The Namatjira Collection speaks to fashion and art, presenting skirts and corresponding watercolours painted in the tradition of Albert Namatjira by his descendants.

Sitting as a highlight exhibition within Tarnanthi at the Art Gallery, Riverland: Yvonne Koolmatrie presents more than 70 works created in this significant Ngarrindjeri artist’s 30-year career. Suspended eel traps launch visitors on an immersive journey featuring works of art that share the story of Koolmatrie’s life lived along the Murray River. This is the first comprehensive survey of Yvonne Koolmatrie’s work.

Collaboration is a guiding principle behind Tarnanthi and one at the heart of this inaugural city-wide festival. By inviting emerging and established artists to present new work, the festival celebrates the artist’s role in shaping our world. Adelaide’s cultural institutions have worked closely together to present the work of more than 300 artists, showcasing hundreds of artists to local and national audiences.

On opening weekend, join more than 40 art centres from across Australia at the Tarnanthi Art Fair at Tandanya National Aboriginal Cultural Institute on Grenfell Street, Adelaide. Festival-goers will have an opportunity to buy works of art priced between $50 and more than $10,000 directly from artists and art centres. This is Adelaide’s first national Aboriginal and Torres Strait Islander Art Fair. The Art Fair will be held Friday, October 9, from 5-9pm and Saturday, October 10, 10am-6pm.

Tarnanthi Festival will see the return of the Kulata Tjuta Project (many spears), commissioned for the 2014 Adelaide Biennial Dark Heart. In the Santos Museum of Economic Botany in Adelaide’s Botanic Gardens, audiences will experience nganmarra – the container of life, an installation of woven forms from Bula’bula Arts.

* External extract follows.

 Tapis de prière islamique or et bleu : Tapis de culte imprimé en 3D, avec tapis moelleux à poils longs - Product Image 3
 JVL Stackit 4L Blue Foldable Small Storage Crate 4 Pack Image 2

In collaboration between the JamFactory, the South Australian Museum and Tarnanthi, Shimmer focusses on the art of adornment, while the Desart Photography Prize, held at Institute Room at the State Library of South Australia, presents the recent work of the next generation of desert artist photographers. Further west along North Terrace, exhibitions include an immersive video installation by Daniel Boyd and Archie Moore‘ perfume portraits’ at the Anne & Gordon Samstag Museum of Art, and He gave us water (KapiUngkupayi) by Minyma Kutjara Arts at the South Australian School of Art Gallery at the University of South Australia.